Blood Red Shoes au Moby Dick Club (Madrid) le samedi 10 avril
21 h 50 : c'est même avec un peu d'avance sur l'horaire
que Blood Red Shoes
attaque son set, l'idée étant apparemment de nous "libérer" à temps
pour assister à la seconde mi-temps du match (Laura-Mary nous fera d'ailleurs
part de sa surprise de voir la salle ainsi bondée, malgré LE match !). Pas de
surprise, c'est toujours par leur éternel It's
Getting Boring By The Sea que Steve et Laura-Mary attaquent le set,
et le souvenir des concerts précédents permet de tout de suite faire le point
sur ce qui change, et sur ce qui ne change pas chez Blood Red Shoes. Fondamentalement,
on reste dans le respect des principes du groupe : deux voix aériennes,
des riffs brutaux, des mélodies accrocheuses, une batterie cataclysmique (Je
suis sûr que Steve se rêve en fils de John Bonham), Laura-Mary qui reste
réservée et Steve qui amuse le public et fait le show. Mais il y a aussi,
heureusement, une évolution : d'abord, et ce n'est pas anecdotique du tour, ce
soir, Laura-Mary ne fait pas la gueule, elle sourit même largement, et paraît régulièrement
heureuse de l'accueil délirant (mais ça, c'est classique ici) du (jeune) public
madrilène. Ensuite, il y a un sentiment de violence, de brutalité même, dans la
musique de Blood Red Shoes, qui n'était pas là avant, et fait une sacrée
différence. Comme c'est déjà clairement discernable sur l'abum ("Fire Like
This", recommandé...), nos deux pâles Anglais payent clairement désormais
leur tribu à Nirvana, et cette orientation vers une rage plus désordonnée,
moins contenue dans les carcans pop, transforme assez fondamentalement la
manière dont on "vit" désormais un concert de Blood Red Shoes : c'est
comme si, de théorique et conceptuelle, cette frustration intense qui a
toujours nourri les chansons de Blood Red Shoes, se voyait désormais "matérialisée",
littérale, palpable. Dès Light It Up,
on sent que le concert peut atteindre ce soir des sommets : les fans pogottent
et chantent à tue-tête, le staff derrière la console a la banane, Laura-Mary
sourit de toute ses dents, et moi, moi je me rends compte que je n'ai encore
jamais entendu Blood Red Shoes comme ça, à deux doigts de se libérer de sa
bonne éducation anglaise. Je dis à deux doigts, car si on passera à deux ou
trois reprises très près de la "grandeur", on n'y arrivera jamais
complètement : voyez par exemple le superbe When
We Wake, sommet à mon avis du second album, avec son crescendo
acéré, eh bien on sent qu'on est presque à la "jouissance sonique"...
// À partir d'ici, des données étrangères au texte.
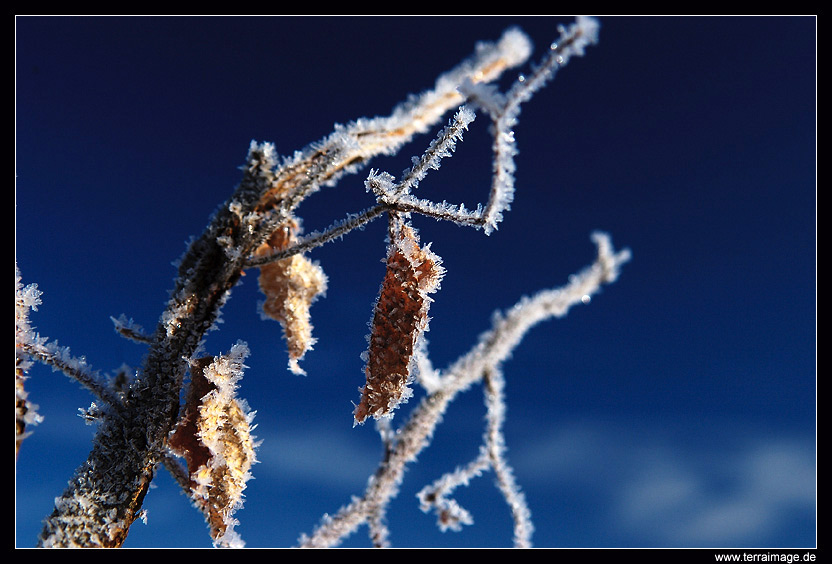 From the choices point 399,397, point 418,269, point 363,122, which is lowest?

mais pas encore tout à fait...!
Petite pause sympa quand Steve téléphone à sa petite sœur
dont c'est l'anniversaire aujourd'hui, et que nous chantons tous en chœur
"Feliz Compleaños..." Laura-Mary se marre, mais je me demande quand
même si ce genre de "laisser-aller" correspond à sa vision de ce que
doit être Blood Red Shoes... Le duo enchaîne les chansons impeccables (Don't Ask : j'adore !), clairement
moins pop qu'autrefois, mais bien plus "émotionnelles", jusqu'à ce
que, au bout de 45 minutes seulement, Steve nous annonce que c'est la dernière
chanson... Noooon ! Comment se fait-il qu'avec deux albums pleins jusqu'à la
gueule de bonnes chansons, Blood Red Shoes nous limite encore à la
"portion congrue" ? Laura-Mary et Steve descendent de scène,
traversant sans les toucher les rangées de fans qui sont pourtant en extase :
oui, au Moby Dick Club, les artistes doivent descendre dans le public pour
monter sur ou descendre de la scène... et c'est visiblement une petite épreuve
pour Steve et Laura-Mary qui ont encore visiblement du mal à affronter la proximité
physique avec leur public ! Rappel de deux titres, enchaînant Doesn't Matter Much en version
"grunge", et, le moment que j'attends depuis le début, ce Colours Fade qui est une quasi citation
du style Sonic Youth. Oui, désormais, Blood Red Shoes a UN morceau - long et déstructuré
- digne de conclure ses sets, mais... Blood Red Shoes n'est pas encore Sonic
Youth, et, malgré le niveau sonore élevé, tout cela reste encore un peu trop
poli et respectueux pour nous faire décoller comme cela devrait. Je réalise a
ce moment là que, bien que nombre des chansons de Blood Red Shoes ait le
potentiel de faire basculer un concert vers "autre chose", le duo
reste quand même prisonnier d'une exécution trop fidèle aux versions studios.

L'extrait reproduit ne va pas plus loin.